→ **What is required**
Omit all pictures and transcribe only the lines in the entries below that run from the line with "Meet your Posher, Linoshka" through the line with "Cute yellow cami - Picture 3 of 3".

→ **Dataset extract**
● ● ● ● ● ● ●

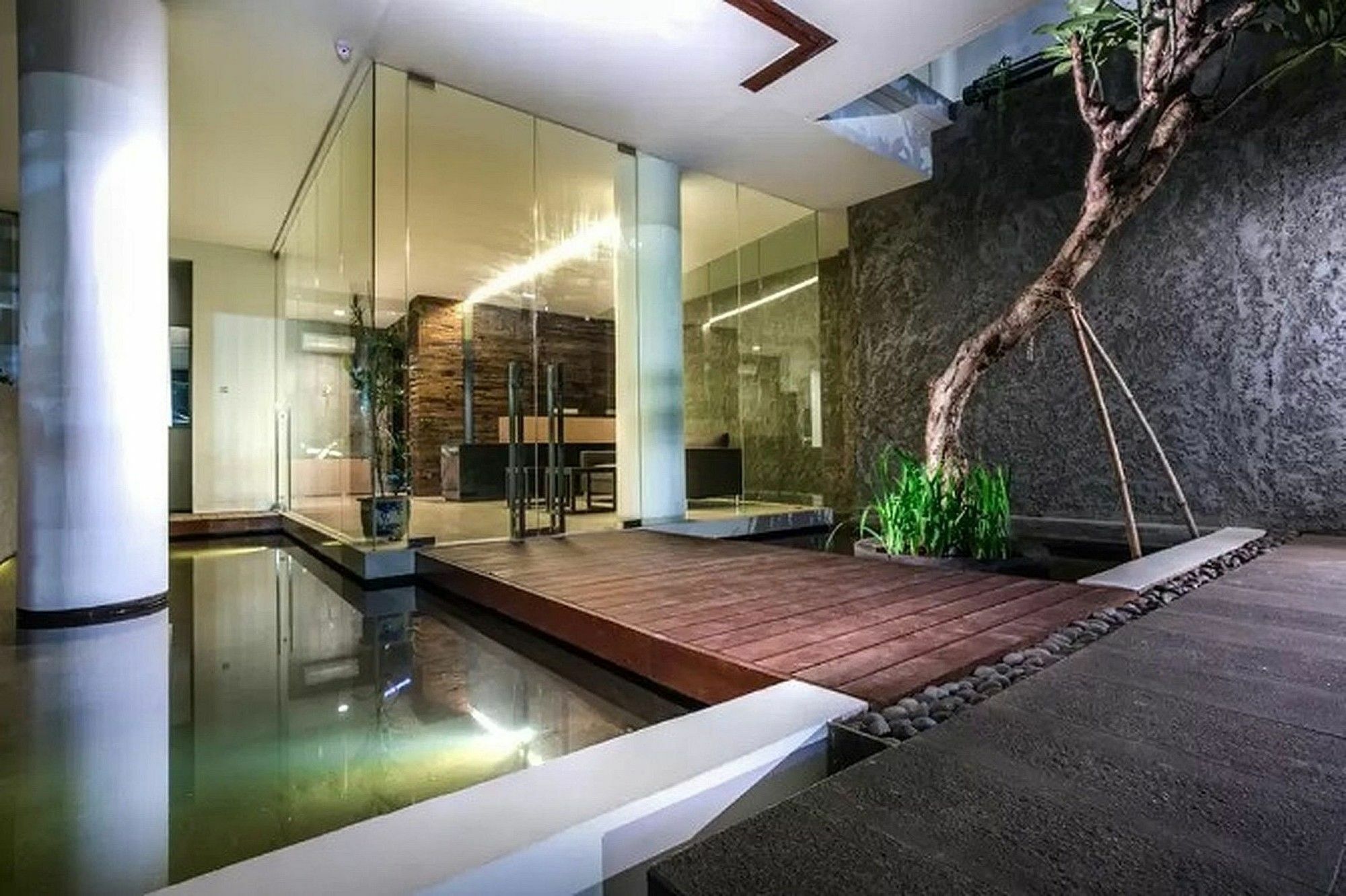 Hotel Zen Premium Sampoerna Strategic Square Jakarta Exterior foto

● ● ● ● ● ● ●

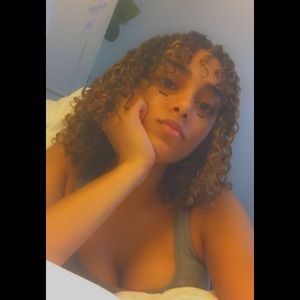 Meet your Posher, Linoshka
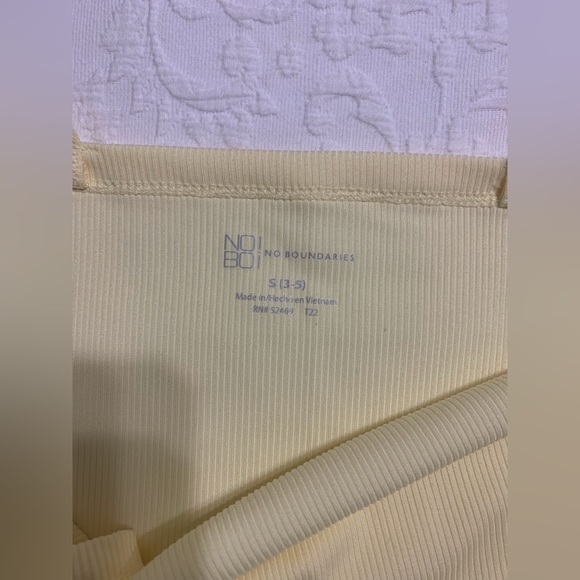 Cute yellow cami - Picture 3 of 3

● ● ● ● ● ● ●

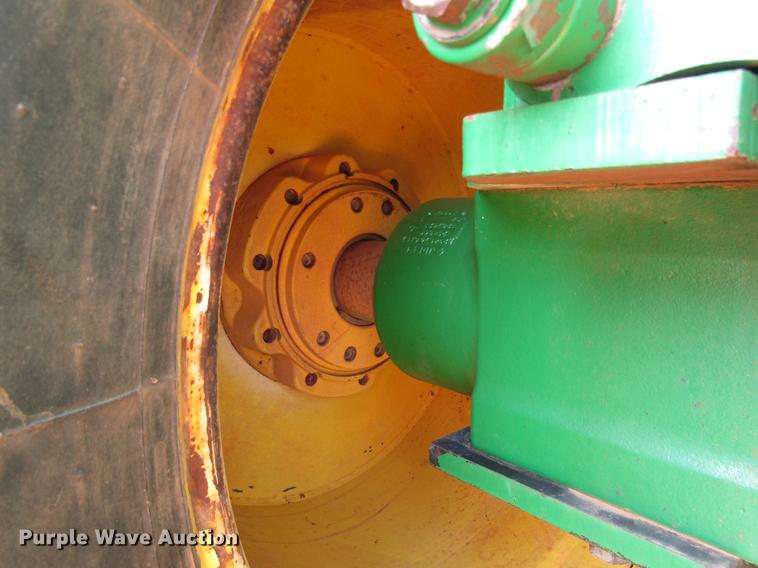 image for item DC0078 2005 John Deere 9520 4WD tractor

● ● ● ● ● ● ●

→ **Solution**
 Meet your Posher, Linoshka
 Cute yellow cami - Picture 3 of 3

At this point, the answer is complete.